On April 28 and May 6, millions of workers participated in general strikes demanding President Gotabhaya Rajapakse and his government resign. On May 9, health workers and other key sections of the working class played a leading role in the walkouts over the violent attacks in Colombo on anti-government protesters by ruling-party goons.
These struggles are part of rising class struggles internationally, not just in South Asia, Middle East, Africa, and Latin America, but also the imperialist centres, including in the US, UK, Europe and Australia.
The recent action by Sri Lankan health workers was organised by eight health sector trade unions: the Public Health Inspectors Union, the State Midwives Service Association, the Family Health Services Officers’ Unions, ECG and EEG Recordists’ Unions, Associations of Technicians of Medical Laboratories and Public Health Laboratories, Health Entomology Science Officers’ Associations and the Dental Association.
These unions claim that putting pressure on the government through protests and limited strikes will force the government to grant workers’ demands, but these organisations, along with the other health unions, have betrayed health workers’ struggles over the past two years.
Notably, the Federation of Health Professionals (FHP), the main health union alliance, did not participate in the June 29–30 industrial action and protests, and maintained a stony silence over the desperate situation facing their members.
FHP leaders previously declared they were “managing the anger of their members” in order to block ongoing strikes.
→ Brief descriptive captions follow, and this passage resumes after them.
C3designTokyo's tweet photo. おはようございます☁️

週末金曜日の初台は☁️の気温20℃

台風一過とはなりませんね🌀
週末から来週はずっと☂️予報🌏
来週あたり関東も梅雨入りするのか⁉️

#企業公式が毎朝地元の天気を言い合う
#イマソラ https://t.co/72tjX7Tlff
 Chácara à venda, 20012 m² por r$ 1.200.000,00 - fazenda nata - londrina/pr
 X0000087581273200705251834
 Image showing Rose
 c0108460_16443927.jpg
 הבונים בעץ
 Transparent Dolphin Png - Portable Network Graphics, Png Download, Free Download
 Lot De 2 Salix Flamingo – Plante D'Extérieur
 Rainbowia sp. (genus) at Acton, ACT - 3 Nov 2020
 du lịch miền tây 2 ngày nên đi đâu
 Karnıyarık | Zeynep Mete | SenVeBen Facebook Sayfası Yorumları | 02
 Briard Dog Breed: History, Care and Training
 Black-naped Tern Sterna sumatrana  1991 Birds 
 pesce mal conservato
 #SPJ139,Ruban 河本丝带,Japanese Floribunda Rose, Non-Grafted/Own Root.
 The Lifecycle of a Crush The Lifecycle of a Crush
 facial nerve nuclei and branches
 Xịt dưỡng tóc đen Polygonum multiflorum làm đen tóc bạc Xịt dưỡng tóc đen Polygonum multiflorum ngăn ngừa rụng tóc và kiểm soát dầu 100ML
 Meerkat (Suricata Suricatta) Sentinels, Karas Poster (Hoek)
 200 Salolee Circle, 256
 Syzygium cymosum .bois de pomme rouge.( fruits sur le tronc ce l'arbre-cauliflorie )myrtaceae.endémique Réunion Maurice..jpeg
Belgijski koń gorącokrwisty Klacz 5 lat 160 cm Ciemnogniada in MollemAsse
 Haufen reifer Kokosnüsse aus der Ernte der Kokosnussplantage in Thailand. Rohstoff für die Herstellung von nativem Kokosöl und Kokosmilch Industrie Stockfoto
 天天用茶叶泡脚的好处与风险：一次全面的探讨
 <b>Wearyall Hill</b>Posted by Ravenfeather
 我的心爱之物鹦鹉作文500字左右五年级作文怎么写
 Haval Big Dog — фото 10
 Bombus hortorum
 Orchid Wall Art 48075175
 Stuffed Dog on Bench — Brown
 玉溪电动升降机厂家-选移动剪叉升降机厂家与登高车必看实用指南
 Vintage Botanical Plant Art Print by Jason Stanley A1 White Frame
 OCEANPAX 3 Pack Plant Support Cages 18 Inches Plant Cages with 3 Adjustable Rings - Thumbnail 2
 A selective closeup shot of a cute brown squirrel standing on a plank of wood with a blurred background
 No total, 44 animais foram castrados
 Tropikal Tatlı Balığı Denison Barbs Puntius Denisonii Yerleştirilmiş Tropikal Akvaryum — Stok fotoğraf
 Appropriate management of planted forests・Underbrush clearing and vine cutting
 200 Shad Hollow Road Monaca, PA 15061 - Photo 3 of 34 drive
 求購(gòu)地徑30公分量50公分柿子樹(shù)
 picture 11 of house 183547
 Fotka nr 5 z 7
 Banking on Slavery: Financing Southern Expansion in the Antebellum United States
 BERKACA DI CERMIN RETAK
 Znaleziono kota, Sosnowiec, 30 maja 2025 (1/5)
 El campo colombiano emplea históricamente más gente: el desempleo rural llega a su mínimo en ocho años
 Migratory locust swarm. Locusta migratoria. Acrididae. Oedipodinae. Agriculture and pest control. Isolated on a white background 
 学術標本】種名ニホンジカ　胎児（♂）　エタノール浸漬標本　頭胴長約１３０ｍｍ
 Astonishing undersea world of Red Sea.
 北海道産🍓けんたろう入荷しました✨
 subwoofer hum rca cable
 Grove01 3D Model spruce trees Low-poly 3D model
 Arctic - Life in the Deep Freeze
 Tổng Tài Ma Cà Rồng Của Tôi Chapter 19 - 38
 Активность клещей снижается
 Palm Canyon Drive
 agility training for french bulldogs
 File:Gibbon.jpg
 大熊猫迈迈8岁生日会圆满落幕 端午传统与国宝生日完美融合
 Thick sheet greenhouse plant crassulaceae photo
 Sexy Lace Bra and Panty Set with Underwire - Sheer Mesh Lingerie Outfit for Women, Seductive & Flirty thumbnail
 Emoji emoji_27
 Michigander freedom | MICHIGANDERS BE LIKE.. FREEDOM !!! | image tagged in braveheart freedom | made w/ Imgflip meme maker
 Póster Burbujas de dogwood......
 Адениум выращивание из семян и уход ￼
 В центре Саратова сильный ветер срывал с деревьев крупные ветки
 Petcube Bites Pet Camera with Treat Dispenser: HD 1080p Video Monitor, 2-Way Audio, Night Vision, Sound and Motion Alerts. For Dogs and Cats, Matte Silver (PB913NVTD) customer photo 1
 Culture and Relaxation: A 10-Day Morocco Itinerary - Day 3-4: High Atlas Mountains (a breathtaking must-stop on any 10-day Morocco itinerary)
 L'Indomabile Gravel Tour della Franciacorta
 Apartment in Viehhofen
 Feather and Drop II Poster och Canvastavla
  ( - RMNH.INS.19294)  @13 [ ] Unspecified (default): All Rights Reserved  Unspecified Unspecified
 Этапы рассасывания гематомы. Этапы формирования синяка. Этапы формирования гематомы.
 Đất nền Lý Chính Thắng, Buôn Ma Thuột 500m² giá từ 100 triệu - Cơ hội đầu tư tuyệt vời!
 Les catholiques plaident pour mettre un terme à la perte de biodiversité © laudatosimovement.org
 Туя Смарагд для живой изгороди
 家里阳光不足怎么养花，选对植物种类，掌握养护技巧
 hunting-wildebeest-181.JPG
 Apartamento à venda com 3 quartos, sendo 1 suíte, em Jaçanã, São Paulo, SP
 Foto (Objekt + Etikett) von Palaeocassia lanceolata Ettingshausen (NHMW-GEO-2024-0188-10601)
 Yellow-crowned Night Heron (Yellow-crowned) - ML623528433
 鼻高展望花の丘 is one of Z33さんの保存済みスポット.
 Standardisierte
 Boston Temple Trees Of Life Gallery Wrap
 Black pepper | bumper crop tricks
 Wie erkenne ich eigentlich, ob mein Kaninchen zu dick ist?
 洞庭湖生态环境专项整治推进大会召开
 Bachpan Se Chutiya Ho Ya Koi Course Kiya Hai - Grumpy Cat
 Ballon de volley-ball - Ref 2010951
This, however, was becoming increasingly difficult, they said, and called on the government to be “wise,” and to “assist” them in this endeavour.
FHP president Ravi Kumudesh recently promoted Prime Minister Wickremesinghe—a pro-US, right-wing figure—declaring that he could be pressured into granting concessions for working people. Kumudesh advised Wickremesinghe not to turn his back on the people, saying he had become prime minister because of the people’s struggle.
Government Nursing Officers Association (GNOA) chief Saman Ratnapriya, who is another FHP leader, has been promoting government attempts to get health workers, including nurses, to look for foreign employment. This perspective, which is in line with International Monetary Fund demands for major cuts in public sector jobs, will worsen the dilapidated state of the health sector, already in deep crisis over the lack of drugs, equipment, staff and essential facilities.
Kumudesh, Ratnapriya and the FHP leadership played a key role in winding down the anti-government uprising in April and May, replacing the general strikes and other industrial action with limited protests.
The lack of fuel and the government’s declared shutdown has brought the country to a grinding halt. Major cities, including the capital Colombo, increasingly resemble ghost towns. Public sector offices are limited to skeleton “essential” staff, schools are closed and replaced with online education, and the private sector has been asked to implement “work from home” practices.
Workers are being forced to use scarce filled-to-capacity trains or buses. Rising numbers of deaths and serious injuries are being reported, caused by dangerous riding on the footboards and roofs of buses and trains.
The ruling establishment, including the corporate media, is becoming increasingly nervous about a revival of mass working-class struggles. A July 2 editorial in the Island nervously warned: “Industrial action tends to snowball, and the unions that down tools at this juncture are likely to trigger a wave of strikes, which will deliver the coup de grace to the economy on oxygen support.”